Monday, Sep. 13, 1943

More, More, More

Wheezing genteelly, the venerable U.S. State Department pulled up its spats and jumped into a rough-&-tumble 1943 world. More powerful (on paper) than ever before, more bumbling than usual in actual performance, the State Department stretched out a gloved hand for still more prerogatives.

More Power. For months the Department has squirmed with the pangs of outraged protocol because several war time agencies are working in State's own private preserves: any area outside the U.S. (TIME, Aug. 9). Last week it took steps to soothe the pains.
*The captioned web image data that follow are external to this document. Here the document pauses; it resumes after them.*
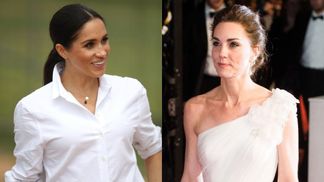 Фанати запідозрили вороже ставлення сім'ї принца Вільяма до Меган Маркл: фотодоказ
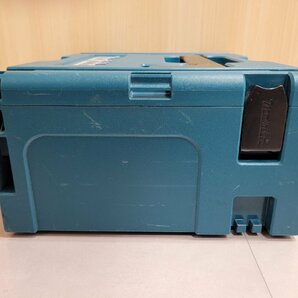 ★マキタ makita マックパック タイプ2 収納 工具箱 携行型 中古 ★003923の画像4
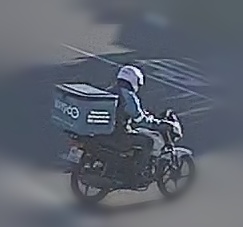 Counted crossing at 09:16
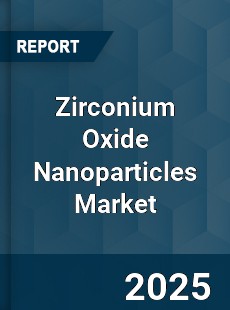 Zirconium Oxide Nanoparticles Market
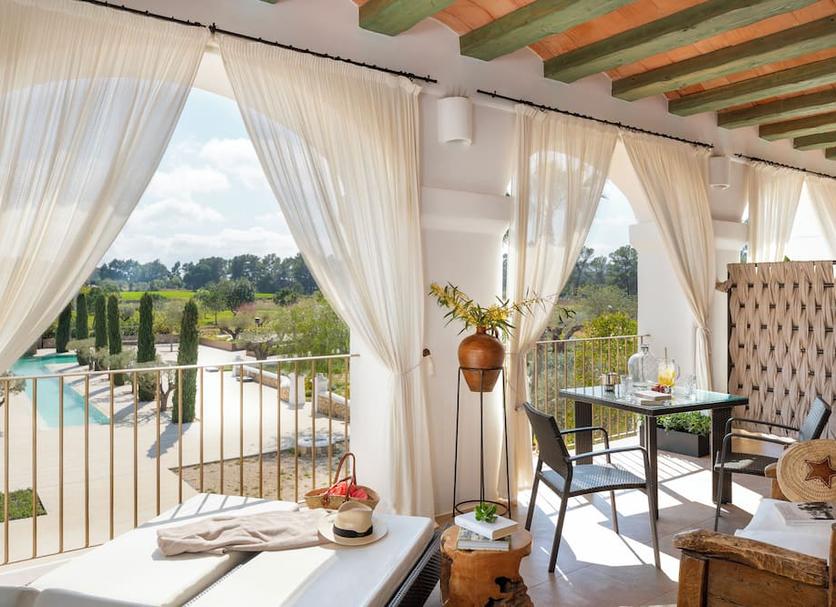 Balcon Photo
Calvin B. Baldwin, who was released as chief of Farm Security Administration last week, was promptly appointed (by the State Department) as boss of all U.S. relief and other economic activities in a yet-to-be-liberated Italy. Every U.S. Government civilian employe stationed in Italy will file his reports, in future, with the State Department, via Area Director Baldwin. The appointment was an obvious pattern for all future U.S. administration abroad. State had served notice that it was going beyond "policy directives": it was taking over all executive reins as well.
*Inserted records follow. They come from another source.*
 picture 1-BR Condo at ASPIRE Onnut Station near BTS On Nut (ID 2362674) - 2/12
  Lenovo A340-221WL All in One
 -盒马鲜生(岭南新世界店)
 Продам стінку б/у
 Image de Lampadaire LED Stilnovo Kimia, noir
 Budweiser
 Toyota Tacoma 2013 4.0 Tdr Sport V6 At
If the chiefs of several affected Govern ment agencies were surprised to find themselves working at last for State's foxy old Bureaucrat Cordell Hull, most of them took it gracefully. Edward R. Stettinius Jr. (Lend-Lease), Leo T. Crowley (Office of Economic Warfare) and Nelson Rocke feller (Coordinator of Inter-American Af fairs) bore up smiling, kept mum. Only Herbert H. Lehman (Office of Foreign Relief & Rehabilitation) was reported seized with a mild fit of sulks at his sudden demotion.

More of the Same. Few men in Washington have the courage to resign, even though many of them could do more good by resigning than by staying. But some are beginning to have this courage. One of them last week was James D. LeCron (an official of Rockefeller's OCIAA), who quit his job as negotiator of food agreements with Latin American countries.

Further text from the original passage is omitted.